At first, he offered models built more or less directly along the lines of existing pop styles: revved-up pub rock for My Aim Is True; energetic, reductionist garage rock for This Year's Model; a cleverly abstracted version of Abba for Armed Forces; born-again Stax /Volt for Get Happy!!; even wryly sophisticated country & western for Almost Blue.

For all his fascination with form, however, it's interesting to note that the only style he attempted to take literally was C&W, and tellingly, that was his least successful album to date.

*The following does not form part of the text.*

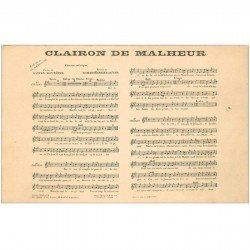 carte postale ancienne PARTITIONS PAROLES ET MUSIQUES. Clairon de Malheur Montéhus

Imperial Bedroom, by contrast, is so saturated with stylistic diversity that is almost begs for comparison with the Beatles' Sgt. Pepper's Lonely Hearts Club Band. Surging, guitar-based rock sits cheek-by-jowl with busily melodic orchestral arrangements; melancholy cocktail-lounge balladry competes against soulful falsetto harmony vocals.

Yet as well as Mr. Costello's treatments work, he seems to treat them as an elaborate joke on the listener. Already, an alternate version of the mournful "Town Cryer" has been released in Britain, replacing the poignant strings with an uptempo disco arrangement. If playing a pop genre straight is a problem for him, playing one for laughs seems to be his favorite sport.

Oddly enough, the notion that pop styles are essentially disposable is precisely the point. What Mr. Costello is really saying is that the song's the thing, and the fact that any song could work as well in such contradictory versions bears this out. It also illustrates how far his writing has progressed.

As always, the songs are very busy lyrically, packed with puns and wordplay that treats meaning like a set of Chinese boxes. But for every delicious twist in the verse there is an equally sumptuous flourish in the melody, and that is Imperial Bedroom's ultimate triumph. Well-crafted as these 15 songs are, what you notice first and savor longest is how marvelously melodic they are. In large part, his secret lies not simply in writing memorable songs, which he does, but in using his arrangements to highlight and amplify each tune's compositional strengths.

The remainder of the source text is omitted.